"When I was in Cincinnati, DSO Board members sent me Christmas Cards. Staff visited to see me perform."
Moving forward allows for perspective not always attainable until we are somewhere else. "I missed the OneDSO family," says Ralph, "which starts from the very beginning. Simple things like having a musicians' parking lot; and from structural to people: our Day of Service brings people together, but there is also focus on individual musicians at the DSO. I see them being celebrated and I think that’s amazing. Artistry and respect go hand in hand."
“How do you measure the quality of an orchestra? Our first rehearsal is as good as some orchestras first concerts!”

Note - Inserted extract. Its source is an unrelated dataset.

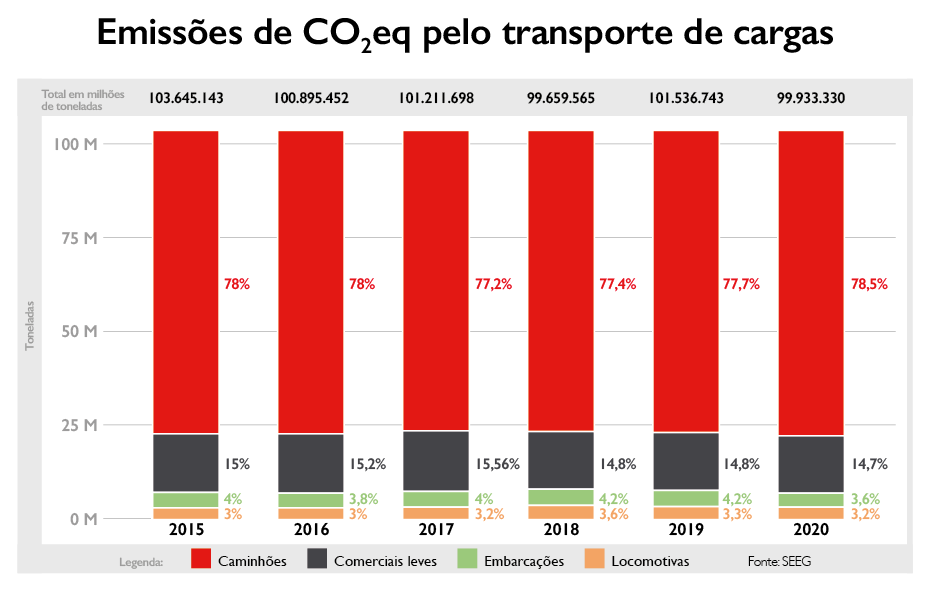 Unidades eletrificadas facilitam a rotina de catadores de lixo e  entregadores de mercadorias, Mobilidade Estadão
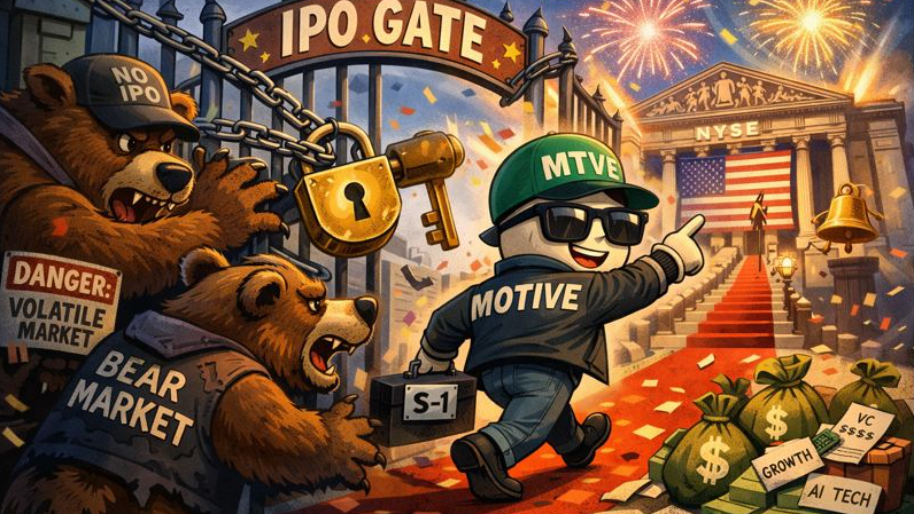 Alphabet-Backed Motive Walks Through the IPO Gate… Bears Reach for the Lock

Another motivating factor in Ralph's return was the quality of Orchestra Hall and the DSO's ownership of it: "It’s amazing to me that the Hall is as old as it is. Acoustically, you are never aware of any compromises that are sometimes made when an old building has been restored. It's one of the very best places I’ve played in the world."
As Principal Clarinet, Ralph acts as the administrative head of his section, setting the sound standard, and rotating the work load. With so many musicians on the stage, he sits with his section spread around him, watching and communicating with the other principals, and freeing his section to just follow him, "Then if we’re wrong it’s on me.”
Principals carry a lot of responsibility, but with that responsibility come perks, like playing solos. "For this season's winter music festival, American Panorama, Leonard asked me to Play Bernstein’s Prelude, Fugue, and Riffs. It’s a wonderful piece that was written for a television program called The World of Jazz, and it was meant to bridge the worlds of jazz and classical music. The version we performed was arranged by Lucas Foss and made it possible for me to play with the full orchestra, rather than the small jazz ensemble for which it was originally written. It was amazing!"
"So often, the clarinet makes magical moments happen by playing extremely softly, but in this work, I could just scream at the top of my lungs! It was fun to try and emulate the great Benny Goodman, to whom the work was dedicated."